Underscoring Scianna's contention is the fact that police arrested James Mallett. 20, and Antonio Hill, 19, both of Chicago, last Thursday for allegedly selling drugs outside the Central Grocery during the course of their investigation.

"Often times the boosters selling the stolen goods are also drug addicts," Sheahan said. "It's easy to see how the two businesses feed off each other."

While Scianna terms much of the shoplifting activity "garden variety (theft)," he said it feeds into a much larger system that makes retail theft economically worth while.

"If you didn't have an outlet for the merchandise they steal, they wouldn't steal it," he said Scianna.

"That store on Central, that's just one. There are many, many others like that around."


 

Four of the five men arrested at Central Grocery last Thursday for allegedly accepting stolen retail merchandise were either Moroccan or Israeli citizens here on Green Cards, or holding dual citizenship. Judge Charles P. Burns set bond for them Saturday morning, and ordered all to surrender their passports. None wanted their consulate in Chicago officially notified of their arrests.
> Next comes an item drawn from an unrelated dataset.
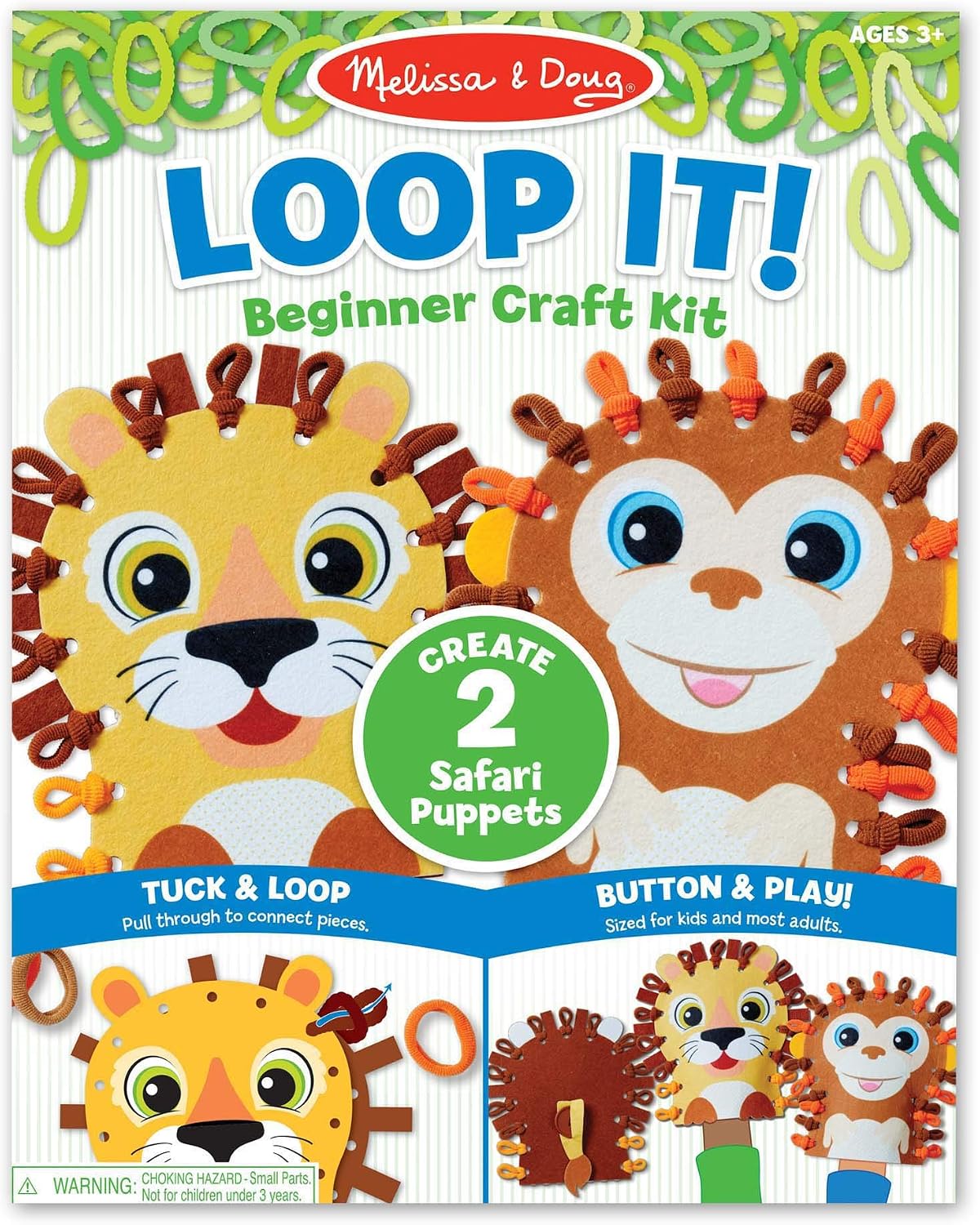 Melissa & Doug Loop It! Safari Puppets Beginner Craft Kit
Muhammad R. Okab, 43, of the 1000 block of Northwest Highway, Park Ridge. (Central Grocery owner).Two counts of theft. Dual U.S./Israeli citizenship. Two counts theft.  $80,000 bond.
? Mahmod M. Okab, 30, of the 1000 block of Northwest Highway, Park Ridge. Four counts theft. Dual U.S./Israeli citizenship. $80,000 bond.
? Adel Kashwa, 54, of 5900 block of  West Lake Street, Chicago. Seven counts theft. Resident of Chicago for 25 years. Judge raised his bond from $160,000 to $230,000.
? Said Ali Darawsha, 34, of Chicago. Six counts of theft. Israeli national here on Green Card, married to American citizen. $180,000 bond.
? Abdelouahed Aitelmekki, 48, of Chicago. Six counts of theft. Moroccan national here on Green Card. $220,000 bond.

In addition, Brian T. Humphries, 34, of the 1000 block of North Lorel Avenue, Chicago was charged with two counts of theft. Items allegedly stolen include 81 units of baby formula, plus a quantity of razor blades. Humphries has four kids, aged 7 months to 10 years, and  reportedly works as a security guard. His bail was reduced from $60,000 to $40,000.

Not currently in custody:
? Hassan Al-Hamdani, 32, of  Chicago. One count of theft.
? William Anderson, 31, of 2924 W. Lexington St., Chicago. One count of theft.